Per l'Europa e il mondo la notizia del giorno è che,l'agenzia di rating Standard & Poor's ha tolto alla Francia la tripla “A”, facendola così uscire dalla élite  finanziaria mondiale e mettendo a serio rischio la già dubbia rielezione a primavera del presidente Sarkozy.  Tuttavia ancora peggio è andata per l'Italia, che ha fatto addirittura due passi indietro, passando, per la prima volta nella sua storia, dalla categoria “A” (che individua  una “solida capacità di ripagare il debito, che potrebbe essere influenzata da circostanze avverse”) alla “BBB” (“adeguata capacità di rimborso, che però potrebbe peggiorare”).
    A prima vista un  colpo quasi mortale  per il governo tecnocratico di Mario Monti, messo sullo stesso piano, se non peggio, del suo predecessore,  se non  fosse  che S&P si affretta a lanciargli una ciambella di salvataggio.   Non solo, difatti, ne  loda  le iniziative e apprezza  ''il miglioramento dell'ambiente politico sotto il nuovo governo tecnocratico di Mario Monti'', ma minaccia  un ulteriore declassamento dell'Italia qualora l'opposizione delle lobby e degli interessi particolari (leggi: sindacati col loro pallino per il mercato del lavoro, partiti, tassisti, avvocati e altri ordini professionali) impedisse il completamento di “alcune delle attuali ambiziose riforme del governo''.
    E' palese l'escalation della finanza internazionale (in questo caso molto evidentemente targata a stelle e strisce), che ormai interviene  in  forme sempre più pressanti sulle vicende interne dell'Unione  Europea  (dove per altro conta molti complici) e in particolare  dei paesi che ne fanno parte.  Per la Francia si usa il riguardo di evitare suggerimenti diretti, ma è comunque chiara la presa di posizione a favore del partito socialista e del suo candidato alla presidenza, François Hollande, che proprio in questi giorni ha  proposto la  soppressione  del “quoziente familiare”,  fino ad oggi  pilastro del sistema fiscale francese, un progetto diretto a colpire  la classe media e l'istituto familiare  e a promuovere   quell'ulteriore trasformazione della società in  senso  ancor più individualista-mercantilista, che sta tanto  a cuore ai poteri finanziari.
   Per l'Italia si usano meno riguardi, sia perché  il nostro paese, considerato più o meno un  parente stretto della Grecia, non ne merita, sia perché, mentre ci si toglie il gusto di schiaffeggiarla  e di rimetterla al  posto che le compete (altroché ritorno al governo trilaterale dell'Europa, a fianco della Germania e di una Francia sperabilmente socialista), è però indispensabile salvare il governo amico del supertecnico Mario Monti.
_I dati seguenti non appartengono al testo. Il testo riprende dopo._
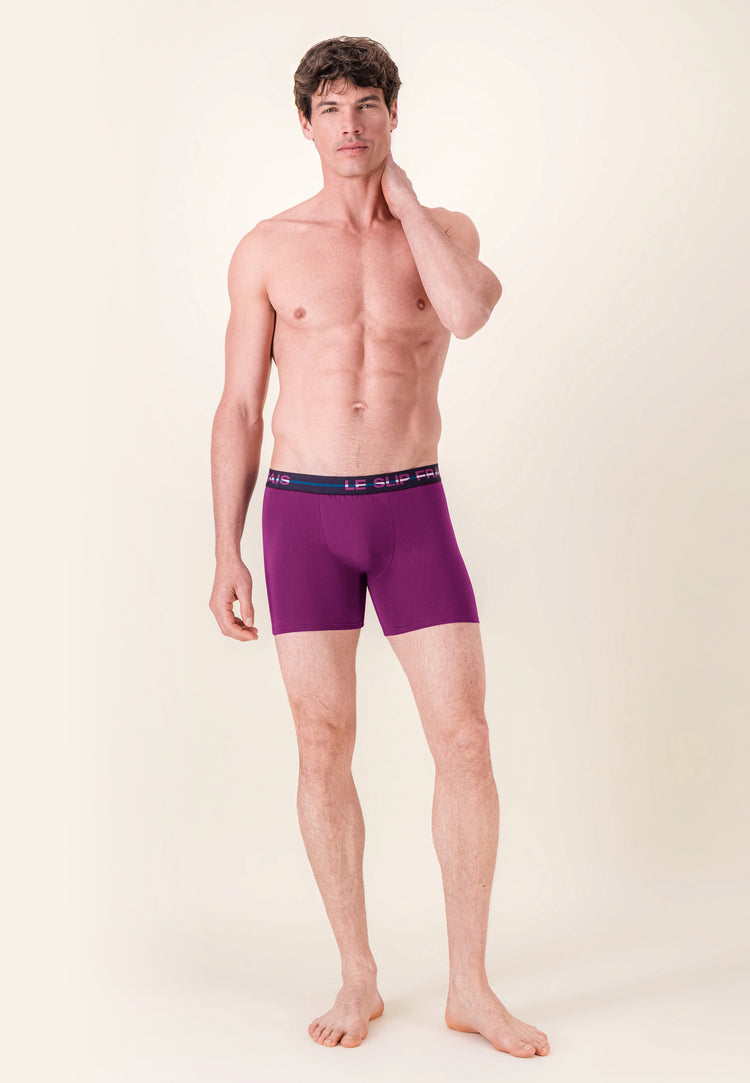 Boxer long violet en coton - Redoutable Long Violet Profond - Le Slip Français - 5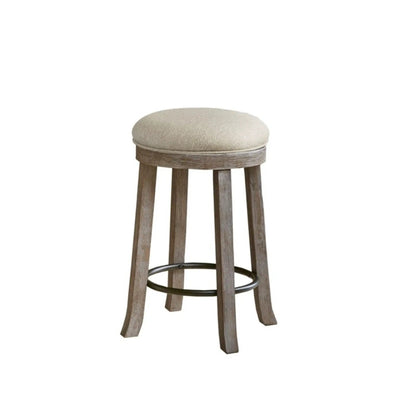Swivel Counter Stool cream upholstered seat with reclaimed gray wood legs, 24–27 in on Tampa Home & Garden Store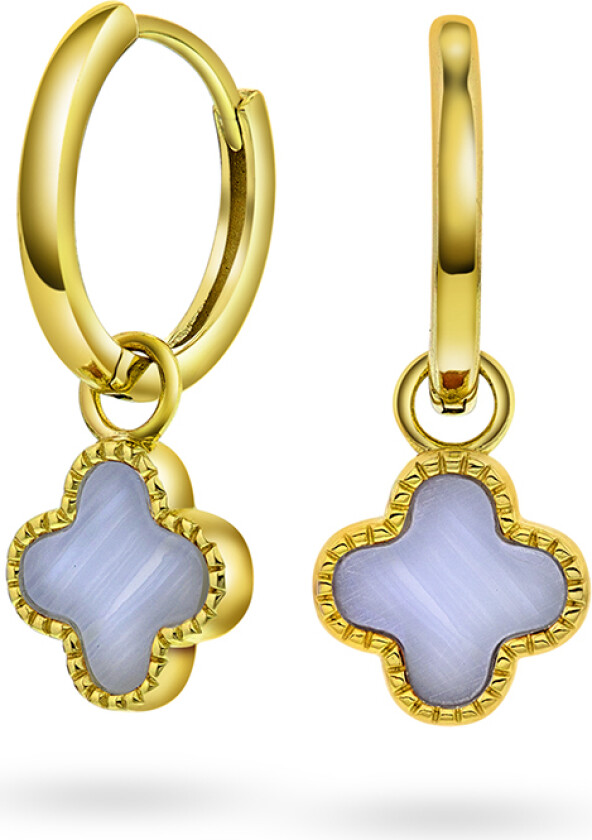 Kløver øreringer i forgylt 925 sølv med lyseblå sodalitt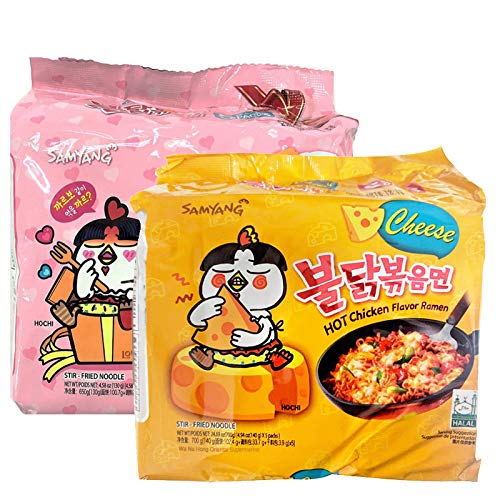 WaNaHong Samyang Hot Spicy Chicken Ramen Noodle Box (Carbonara 5 Packs & Cheese 5 Packs) - Carbonara & Cheese (10 Packs)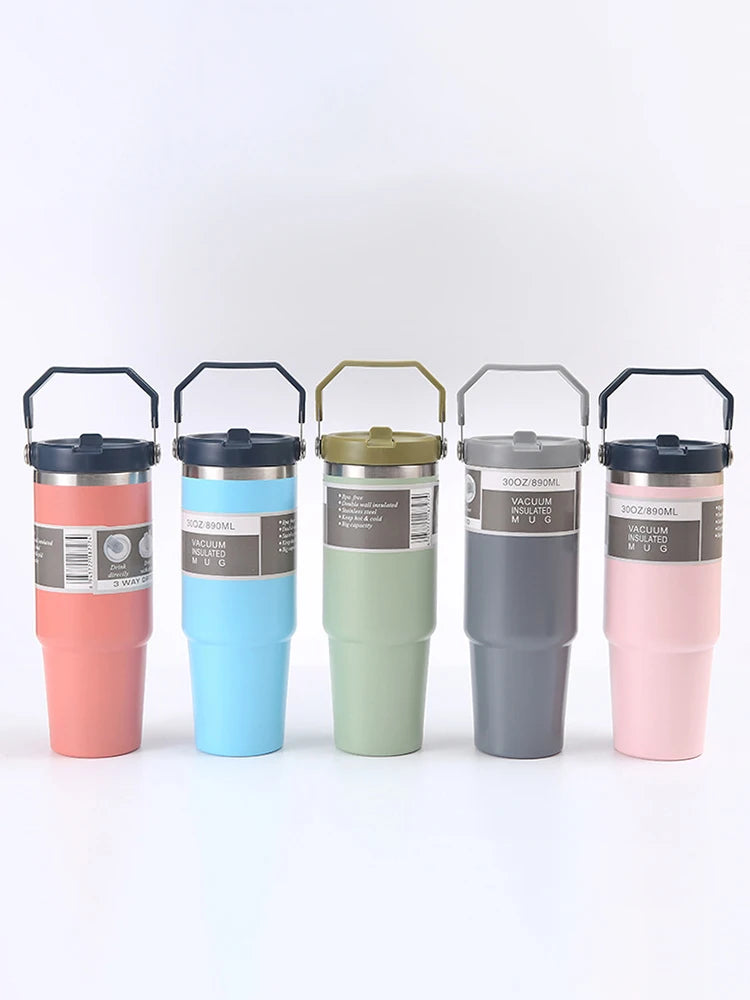 30OZ Portable Car Cup Stainless Steel Thermos Cup with Straw Travel Sports Water Bottle With Handle Cover Coffee Vacuum Flask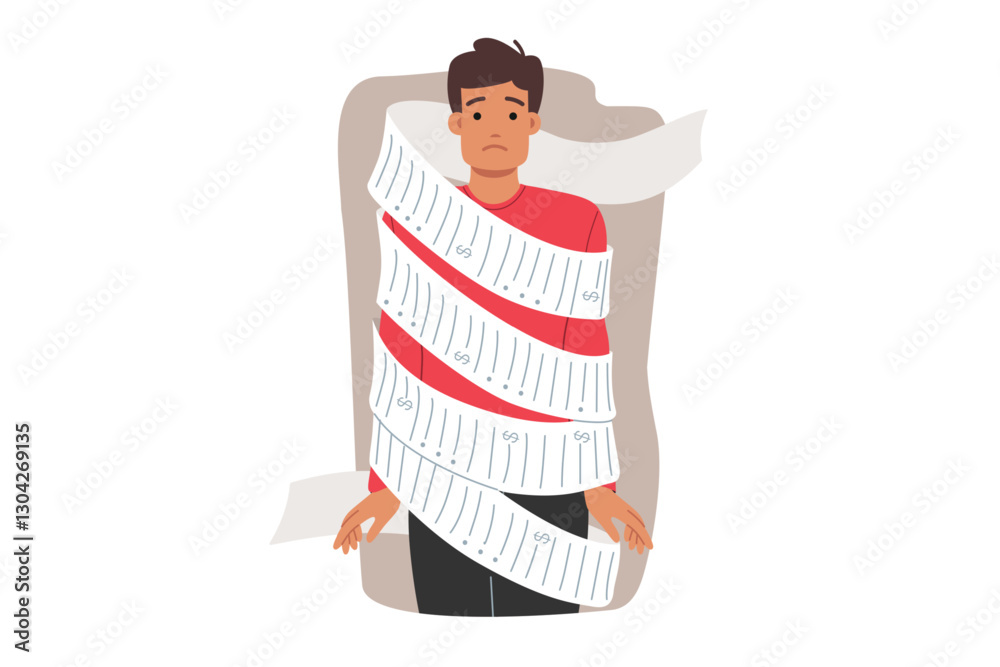 Large bills worry man wrapped in long check, suffering due to inflation and rising food prices. Inflation and demands for payment for positions cause depression in guy with sad face.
Di qui l'intervento diretto, e nella sostanza brutale e solo in parte camuffato ed edulcorato dall'uso di termini tecnici, nei confronti di sindacati,  categorie economiche e professionali senza dimenticare i partiti politici. Tutti questi signori sono avvertiti: se con la loro opposizione  bloccheranno il  secondo tempo della manovra (quello all'insegna ipocrita della “crescita”) o  faranno cadere prima della scadenza fissata  il governo  Monti,  non consentendogli di sopravvivere fino al 2013, l'Italia è condannata e Roma avrà di che invidiare Atene.
    Il bello è che tutto questo avviene al termine delle celebrazioni del 150° dell'unità politica italiana, che avrebbero dovuto  riaccendere e rinvigorire l'orgoglio nazionale. Sarebbe interessante sapere che ne pensa  il presidente Napolitano.